Filipino civil servant, novelist and editor

Uldarico Aguilar Alviola Sr. (born July 4, 1883, and died April 29, 1966) was a Filipino Visayan civil servant, novelist, and editor from Cebu, Philippines. While he wrote in English and Spanish, his published works in the Cebuano language earned him the title "Dean of Cebuano Writers."

== Early life ==
He was born in Barangay San Roque, Cebu City, Philippines, on July 4, 1883. Little is known about his wife, although she was described to have the maiden surname of Calsas. Their family had 11 children namely Corazon, Filomena, Lourdes, Manuel, Marciano, Rosario, Socorro, Teresita, Uldarico Jr, Victor, and Virtud,.

Starting his writing career at the age of 19, he wrote under the pseudonyms Artagnan, Alvi, Sikatuna, M. Anabell, and arguably, Felix Gerardo, author of Justicia Social. He witnessed firsthand the imperial conflicts, from Spanish colonization to the American occupation and then later to Japanese invasion, at an age old enough to understand what was going on.

== Career ==
A Cebuano speaker educated in Spanish, Uldarico Alviola Sr. edited several bilingual publications (Spanish and Cebuano) such as El Nacionalista, El Precursor, and Respectador. He was also the editor of the Vicente Sotto-owned periodical Ang Suga when it first saw print in 1901.

Additionally, he was a pioneering and acclaimed novelist and fiction writer. He wrote Felicitas that was published in 1912. It was the second Cebuano novel, the first being Juan Villagonzalo's Walay Igsoon (Without a Brother). Critic Erlinda Alburo described the novel as a flat, poorly written novel; nonetheless, it exhibited elements of medieval mortality play.' It was also characterized with a didactic tone.

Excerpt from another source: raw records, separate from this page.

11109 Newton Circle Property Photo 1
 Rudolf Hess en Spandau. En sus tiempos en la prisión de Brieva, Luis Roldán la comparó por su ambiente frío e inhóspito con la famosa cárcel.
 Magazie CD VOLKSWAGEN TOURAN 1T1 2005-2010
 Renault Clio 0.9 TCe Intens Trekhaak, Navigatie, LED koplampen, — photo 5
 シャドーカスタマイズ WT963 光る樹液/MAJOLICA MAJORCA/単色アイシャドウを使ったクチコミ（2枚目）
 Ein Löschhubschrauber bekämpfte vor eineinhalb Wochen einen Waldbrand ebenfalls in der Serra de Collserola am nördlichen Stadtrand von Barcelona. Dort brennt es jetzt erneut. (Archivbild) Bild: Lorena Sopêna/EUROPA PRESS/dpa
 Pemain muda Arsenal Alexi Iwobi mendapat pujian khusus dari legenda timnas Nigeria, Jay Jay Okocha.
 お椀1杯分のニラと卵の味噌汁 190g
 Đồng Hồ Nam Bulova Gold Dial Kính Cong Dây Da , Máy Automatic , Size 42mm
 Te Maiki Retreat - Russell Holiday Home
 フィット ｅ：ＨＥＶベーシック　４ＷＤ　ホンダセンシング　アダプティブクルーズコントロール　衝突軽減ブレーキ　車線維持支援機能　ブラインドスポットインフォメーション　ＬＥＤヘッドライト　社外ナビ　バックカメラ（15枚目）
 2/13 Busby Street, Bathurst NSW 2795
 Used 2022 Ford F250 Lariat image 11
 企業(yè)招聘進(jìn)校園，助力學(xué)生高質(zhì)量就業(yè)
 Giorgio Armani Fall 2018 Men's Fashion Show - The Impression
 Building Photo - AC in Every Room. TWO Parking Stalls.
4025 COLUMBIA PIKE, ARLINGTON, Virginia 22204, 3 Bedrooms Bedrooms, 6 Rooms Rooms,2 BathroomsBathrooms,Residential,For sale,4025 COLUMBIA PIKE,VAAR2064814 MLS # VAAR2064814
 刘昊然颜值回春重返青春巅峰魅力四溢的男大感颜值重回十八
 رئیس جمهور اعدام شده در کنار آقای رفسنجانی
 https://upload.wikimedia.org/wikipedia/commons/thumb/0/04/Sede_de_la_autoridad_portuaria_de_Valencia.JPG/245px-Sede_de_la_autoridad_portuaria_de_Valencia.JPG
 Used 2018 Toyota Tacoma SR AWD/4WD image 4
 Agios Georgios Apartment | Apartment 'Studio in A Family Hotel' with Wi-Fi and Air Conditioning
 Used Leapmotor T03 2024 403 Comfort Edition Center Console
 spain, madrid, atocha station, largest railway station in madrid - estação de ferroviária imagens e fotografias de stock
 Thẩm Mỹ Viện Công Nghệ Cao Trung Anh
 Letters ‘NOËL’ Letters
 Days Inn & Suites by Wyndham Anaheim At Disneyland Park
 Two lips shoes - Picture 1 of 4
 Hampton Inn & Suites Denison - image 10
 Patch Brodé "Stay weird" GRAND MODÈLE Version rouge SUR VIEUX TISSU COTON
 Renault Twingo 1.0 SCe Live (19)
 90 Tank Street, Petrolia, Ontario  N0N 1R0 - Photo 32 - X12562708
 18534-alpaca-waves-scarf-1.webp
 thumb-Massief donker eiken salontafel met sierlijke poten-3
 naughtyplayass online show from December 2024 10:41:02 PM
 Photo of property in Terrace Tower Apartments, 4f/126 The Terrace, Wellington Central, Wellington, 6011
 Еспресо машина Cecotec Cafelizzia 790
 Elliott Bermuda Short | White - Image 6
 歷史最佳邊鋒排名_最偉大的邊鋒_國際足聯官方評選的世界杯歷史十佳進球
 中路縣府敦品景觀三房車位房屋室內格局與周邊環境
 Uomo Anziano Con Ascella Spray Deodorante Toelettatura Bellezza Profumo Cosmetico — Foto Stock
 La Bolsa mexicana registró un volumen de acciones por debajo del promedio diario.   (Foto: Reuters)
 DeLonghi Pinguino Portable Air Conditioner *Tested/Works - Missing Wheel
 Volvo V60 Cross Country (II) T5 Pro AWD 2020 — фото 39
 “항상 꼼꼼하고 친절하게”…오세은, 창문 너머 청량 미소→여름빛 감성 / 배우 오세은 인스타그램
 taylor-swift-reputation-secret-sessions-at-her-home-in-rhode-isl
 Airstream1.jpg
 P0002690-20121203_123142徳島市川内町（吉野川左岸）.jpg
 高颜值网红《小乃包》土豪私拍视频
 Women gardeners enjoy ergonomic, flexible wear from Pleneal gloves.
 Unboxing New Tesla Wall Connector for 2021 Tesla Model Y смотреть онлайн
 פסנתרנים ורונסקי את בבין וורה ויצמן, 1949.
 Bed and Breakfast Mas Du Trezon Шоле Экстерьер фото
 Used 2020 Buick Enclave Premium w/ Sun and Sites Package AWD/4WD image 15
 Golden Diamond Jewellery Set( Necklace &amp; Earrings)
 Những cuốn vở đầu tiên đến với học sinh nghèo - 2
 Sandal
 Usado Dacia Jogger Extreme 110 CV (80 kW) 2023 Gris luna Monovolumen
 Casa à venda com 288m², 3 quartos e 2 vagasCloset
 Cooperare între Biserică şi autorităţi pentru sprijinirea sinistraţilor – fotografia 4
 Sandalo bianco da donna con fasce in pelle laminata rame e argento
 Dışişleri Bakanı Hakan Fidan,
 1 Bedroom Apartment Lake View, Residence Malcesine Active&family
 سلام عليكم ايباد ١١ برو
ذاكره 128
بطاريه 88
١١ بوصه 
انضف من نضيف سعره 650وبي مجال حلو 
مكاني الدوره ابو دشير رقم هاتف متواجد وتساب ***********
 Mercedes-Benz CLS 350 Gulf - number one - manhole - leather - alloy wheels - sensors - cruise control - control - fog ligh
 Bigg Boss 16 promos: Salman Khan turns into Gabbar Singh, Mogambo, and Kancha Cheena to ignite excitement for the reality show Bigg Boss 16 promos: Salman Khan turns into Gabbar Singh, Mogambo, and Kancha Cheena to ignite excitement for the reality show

Additionally, his English works were also published in The Cebu Advertiser, Vicente Rama-owned periodical Progress, The Star, and the Philippine Free Press.

== Political career ==
As a civil servant, Alviola worked as a municipal treasurer of the town of Oslob, Cebu. He also served in various capacities in the government including being the Secretary of the Provincial Council, Deputy Governor of Cebu, and Secretary of the then Municipality of Cebu, now the Cebu City Council.

== Award ==
In 1962, he received the major lifetime award, the LUDABI award from Lubas sa Dagang Bisaya, a leading national organization for writers in Cebuano language, for his contributions to Cebuano culture. He died on April 29, 1966.

== Historical commemoration ==

- A distinguished lexicographer, he is credited to have coined the words, "bugnong lugaynon" (electorate battle), a translation to the English word election, although other alternative, equally plausible etymologies exist.
- The Alviola Street in Barangay Tinago is in his honor.